BRISBANE, Australia — A fundraising effort for a man whose boat was found empty and motoring in circles in Brisbane’s Moreton Bay has raised over AUD 30,000 ($23,284) in less than a day.
Fisherman Trent Riley posted two videos on social media showing calm waters two hours before he went missing on April 14.
The 26-year-old’s small aluminum boat was found off Mud Island, near the Port of Brisbane, at about 3.30 pm.
A GoFundMe page set up to help his family “continue the search for Trent” and cover expenses has raised more than AUD 48,000 ($37,470) of a $50,000 ($39,030) goal since it was posted on April 17.
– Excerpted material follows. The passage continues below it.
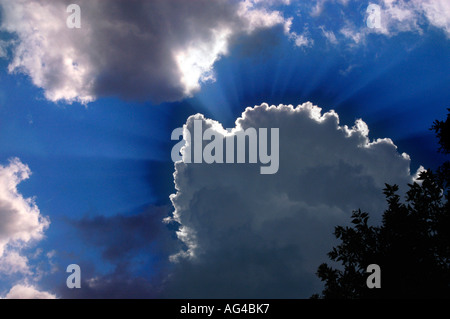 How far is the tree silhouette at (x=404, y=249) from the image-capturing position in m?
12.0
“Any support is greatly appreciated and will help keep Trent’s family focusing on their main goal — bringing Trent home,” it says.
Queensland Police Acting Inspector, Mark Mooney, said Riley posted two videos on social media at 1.27 pm, which showed calm conditions on the bay.
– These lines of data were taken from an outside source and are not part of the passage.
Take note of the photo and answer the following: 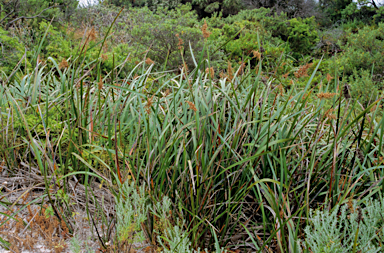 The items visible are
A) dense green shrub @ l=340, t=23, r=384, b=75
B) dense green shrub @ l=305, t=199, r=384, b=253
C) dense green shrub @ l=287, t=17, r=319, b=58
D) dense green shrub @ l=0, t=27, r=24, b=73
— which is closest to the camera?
dense green shrub @ l=305, t=199, r=384, b=253

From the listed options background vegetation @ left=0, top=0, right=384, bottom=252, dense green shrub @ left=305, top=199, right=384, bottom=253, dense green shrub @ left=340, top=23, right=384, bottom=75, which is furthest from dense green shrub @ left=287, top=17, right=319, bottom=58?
dense green shrub @ left=305, top=199, right=384, bottom=253

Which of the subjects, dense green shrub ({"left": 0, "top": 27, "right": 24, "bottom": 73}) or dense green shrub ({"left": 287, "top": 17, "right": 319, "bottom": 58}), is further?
dense green shrub ({"left": 287, "top": 17, "right": 319, "bottom": 58})

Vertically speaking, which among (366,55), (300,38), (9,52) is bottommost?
(9,52)

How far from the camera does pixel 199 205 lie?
5.46ft

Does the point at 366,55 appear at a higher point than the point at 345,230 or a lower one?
higher

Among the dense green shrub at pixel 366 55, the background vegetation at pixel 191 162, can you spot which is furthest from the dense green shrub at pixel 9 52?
the dense green shrub at pixel 366 55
“That’s the last we heard of him, of his posting or interaction,” he said.
Mooney said the boat was not damaged, indicating there had not been any collision, but one of the 26-year-old’s three fishing rods was missing.
He said a dry bag Riley would have taken with him if he had “voluntarily” got into the water was still in his boat.
“We’re not totally aware at this stage how he’s fallen out of the boat,” said Mooney.
Water Police, Volunteer Marine Rescue, helicopters, and volunteer coastguard have been involved in the search.
When he went missing, Riley was wearing a long-sleeved grey fishing shirt, black jeans, black shoes, and a bucket hat.
He is Caucasian, about 183cm tall, with a proportionate build and brown hair.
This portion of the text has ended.